The examples thus far have been exclusively for 1 dimensional systems with 1 particle. We can construct Hilbert Spaces for 2-D or 3-D systems and we can consider multi-particle systems. For multi-particle systems we have to consider the concept of identical particles. We’ll take a look of that when we cover spin. The extensions to 2-D or 3-D follow similarly from 1-D. Inner products now are double or triple sums or integrals. For basis vectors we typically label use a label for each dimension. For instance, $\ket{n l m}$ describes a basis set for the Hydrogen atom with three discrete labels. In these higher dimensional spaces with have orthonormality relations for each dimension. Let’s see how this extension to 3D works in position space:
$$ \bold{\hat p} = -i\hbar\bold\nabla\\ \hat H=-\frac{\hbar^2}{2m}\nabla^2\Psi+V\Psi $$
The wave function and potential energy are functions of three position variables (and time). Often this is Cartesian, but other coordinate systems like spherical and cyclindrical coordinates work as well (with the appropriate adjustments to the gradient and laplacian operators).
$$ \text{Probability of finding particle within }\bold r \text{ to }\bold r+d\bold r =|\Psi(\bold r,t)|^2d^3\bold r\\ \text{Normalization: } \int |\Psi|^2 d^3\bold r =1 $$
For a time independent potential energy function, there will exist a complete set of stationary states
$$ \Psi_n(\bold r,t)=\psi_n(\bold r)e^{-iE_n t/\hbar} $$
where the spatial wave function satisfies the TISE
$$ -\frac{\hbar^2}{2m}\nabla^2\psi+V\psi=E\psi $$
and the general solution is a superposition of the stationary states (sum for a discrete spectrum and integral for a continuous spectrum).

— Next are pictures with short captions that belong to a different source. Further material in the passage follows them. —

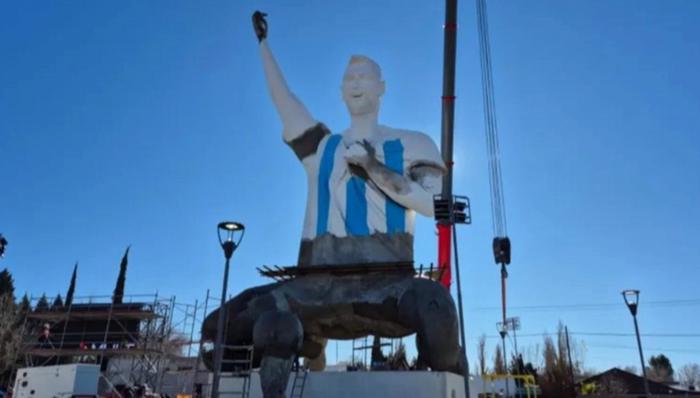 Cutral Co presenta la estatua de Lionel Messi más alta del mundo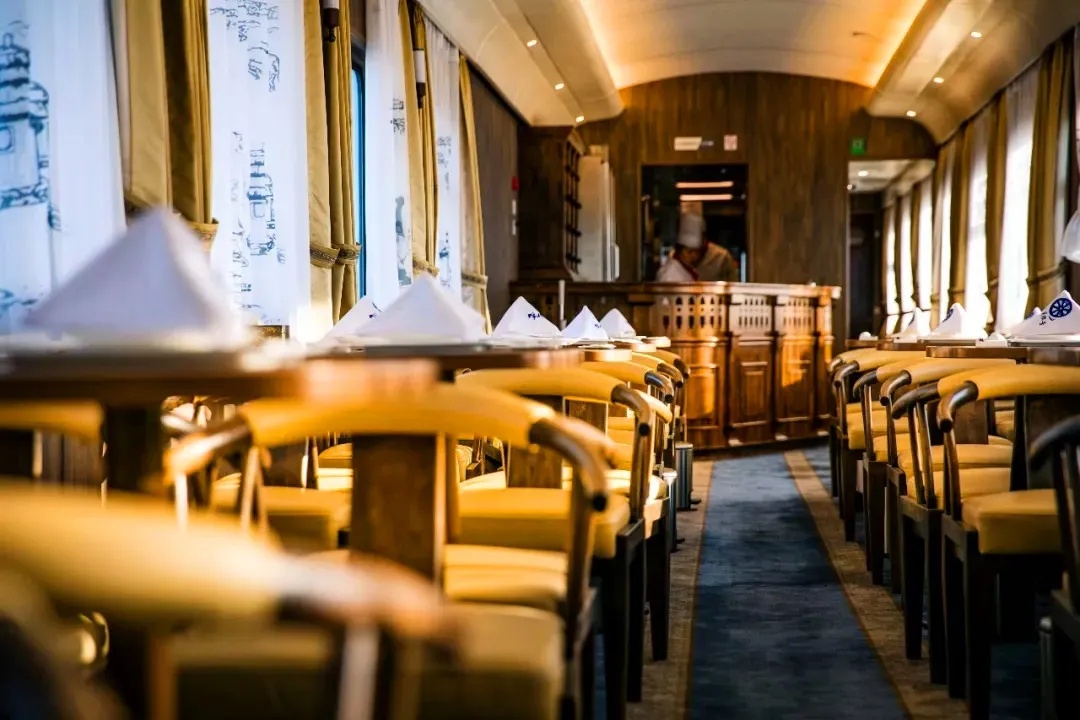 Five-star hotel sleeper unveiled in China's high-end tourist train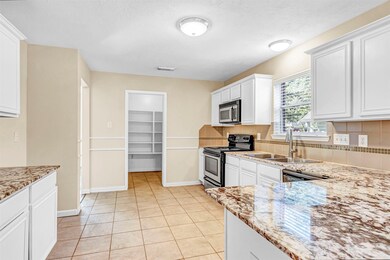 28914 Ashbrook Ln, Magnolia, TX 77355 - photo 5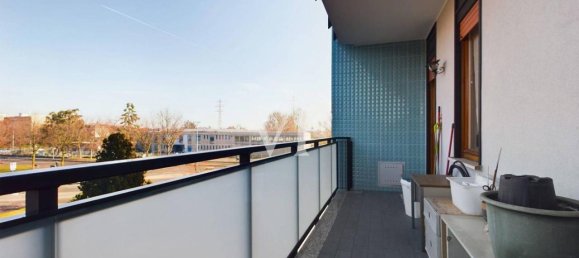 3 rooms Apartment in Brugherio, Italy No. 32692 14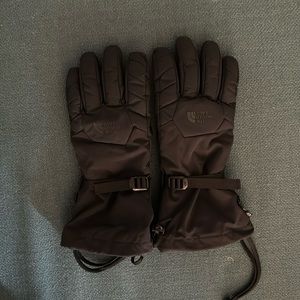 The North Face Gloves Size Medium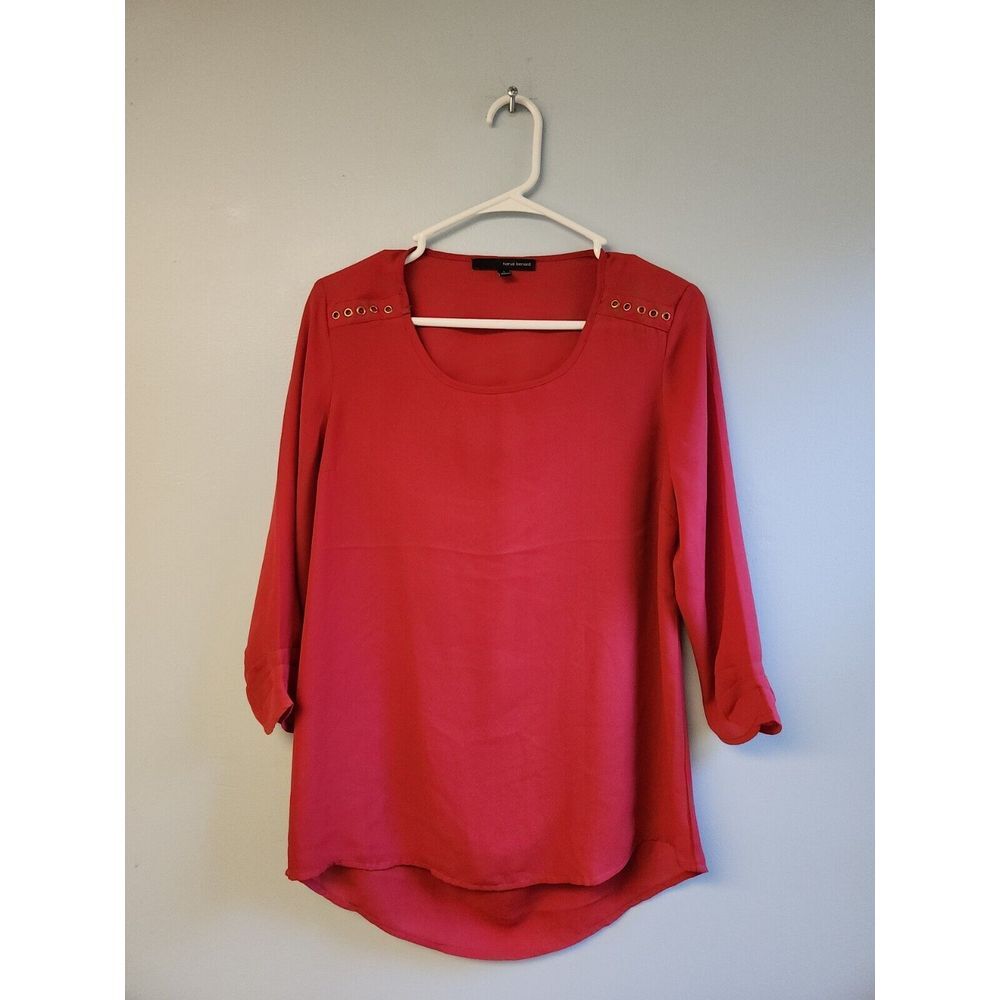 Harve Benard Womens S Red Sheer Tunic shirt top w Gold Accents And Back Cut-out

$$ \Psi(\bold r,t)=\sum_n c_n\psi_n(\bold r) e^{-i E_nt/\hbar} $$
Note that the spatial wave functions may involve a degeneracy of states at the same energy which introduces more sums (or integrals) to this superposition. For instance, the Hydrogen atom has $n$, $l$, and $m$ quantum numbers and the general solution would be a triple sum over the allowed quantum numbers.